A big part of the issue is that dating back to his debut, and the excellent long-term program with MJF, some fans expected Wardlow to be the next big thing in wrestling. He had some similarities to Goldberg, and AEW leaned into that; but it was pretty obvious he wasn’t going to be Bill Goldberg. For one, it’s not 1997 anymore, and what was successful back then in WCW cannot be replicated 25 years later in AEW. The environment and expectations for a top star are completely different.
The MJF-storyline also introduced him as a singles star. Given that it had YEARS of storyline build-up before it reached its climax, it’s unrealistic to think that momentum could be replicated after it wrapped up. Wardlow was always going to have to move on from MJF, and since he has done that it’s harder to get him positioned as a top star because he doesn’t have all the momentum from that feud backing him up.
There is also the fact that people like prospects, and they like to project what prospects will be in the future. This happens in sports all the time, and pro wrestling is no different. Fans see a younger wrestler with potential and start fantasy booking what their eventual world title win is going to be. Some fans might get carried away with those ideas and expectations, so that if the wrestler doesn’t pan out that way, they think a travesty has occurred.
AEW originally put Wardlow in a great position to succeed. He has worked hard and improved since he first entered the company. At this moment though; he doesn’t feel like a world champion—not in a company that takes who holds that title very seriously. Is that really because he hasn’t been booked well, or is it because some warts have been exposed once he had to swim a little bit on his own?
I want to clarify that Wardlow’s career and progress so far is not a failure. He gets a pop whenever his music hits, he’s gotten his powerbomb spot over, he’s wrestled on PPVs, he has had some decent matches in big spots. The guy has had a REALLY successful run. I think if this is his ceiling, an upper-midcard challenger type, that’s not a bad thing at all.

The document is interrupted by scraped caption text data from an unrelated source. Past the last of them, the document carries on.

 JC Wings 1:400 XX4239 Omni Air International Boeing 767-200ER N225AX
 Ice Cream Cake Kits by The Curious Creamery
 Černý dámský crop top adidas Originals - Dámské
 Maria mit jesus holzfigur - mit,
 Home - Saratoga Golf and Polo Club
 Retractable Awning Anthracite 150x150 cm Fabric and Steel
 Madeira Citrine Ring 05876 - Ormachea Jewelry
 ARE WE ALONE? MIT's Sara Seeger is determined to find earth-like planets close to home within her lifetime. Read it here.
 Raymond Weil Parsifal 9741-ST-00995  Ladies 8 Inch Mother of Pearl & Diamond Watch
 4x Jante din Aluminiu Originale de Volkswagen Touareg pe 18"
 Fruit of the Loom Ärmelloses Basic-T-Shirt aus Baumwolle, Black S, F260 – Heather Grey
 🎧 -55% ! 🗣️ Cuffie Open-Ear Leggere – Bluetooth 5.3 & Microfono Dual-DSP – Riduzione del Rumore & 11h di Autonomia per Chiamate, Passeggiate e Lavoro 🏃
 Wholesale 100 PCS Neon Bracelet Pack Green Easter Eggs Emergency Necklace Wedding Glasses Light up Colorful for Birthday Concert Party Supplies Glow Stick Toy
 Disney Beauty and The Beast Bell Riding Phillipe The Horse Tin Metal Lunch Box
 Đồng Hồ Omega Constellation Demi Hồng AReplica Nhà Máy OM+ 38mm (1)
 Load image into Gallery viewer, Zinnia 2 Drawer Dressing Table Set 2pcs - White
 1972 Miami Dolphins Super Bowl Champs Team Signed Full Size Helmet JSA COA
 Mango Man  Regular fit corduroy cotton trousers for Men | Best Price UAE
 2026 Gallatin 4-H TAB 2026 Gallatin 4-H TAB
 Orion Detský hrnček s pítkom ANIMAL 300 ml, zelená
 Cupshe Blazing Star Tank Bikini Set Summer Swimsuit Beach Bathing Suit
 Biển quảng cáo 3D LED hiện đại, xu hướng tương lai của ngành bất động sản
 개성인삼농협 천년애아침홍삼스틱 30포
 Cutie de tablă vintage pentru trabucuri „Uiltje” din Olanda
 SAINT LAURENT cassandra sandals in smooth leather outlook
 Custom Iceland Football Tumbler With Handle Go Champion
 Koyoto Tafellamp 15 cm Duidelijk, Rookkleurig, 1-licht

Those spots are very hard to get in this industry, and you can be in one for a long, long time.
Wardlow right now is like a prospect in sports that maybe had a ton of hype as a future HOF-level player, and has ended up just being a really good, but not quite spectacular player. Andrew Wiggins was once thought to be a future MVP-candidate when he was in high school. He was the #1 overall pick in the NBA Draft and came in with a lot of hype. He’s turned out to be a very good NBA player, who will have a long career and make a lot of money, but he’s not going into the Hall of Fame anytime soon.
That doesn’t make Wiggins a bust or a catastrophic failure; it’s simply a reminder that prospects are just that; prospects. You never know how their careers are going to play out and you can’t project too much on what they are going to do once they start getting tested in bigger roles. Wardlow hasn’t blown people away since breaking up with MJF, and maybe that is disappointing, but he still feels primed to have a very long, successful career in his current role.
Could Wardlow be pushed to the moon and be made AEW Champion? Sure, but would he really thrive in that role? From what I’ve seen over the past year, I’d seriously doubt it. A more protected role, where he isn’t asked to carry the entire promotion, is probably a better fit for him at this stage of his career.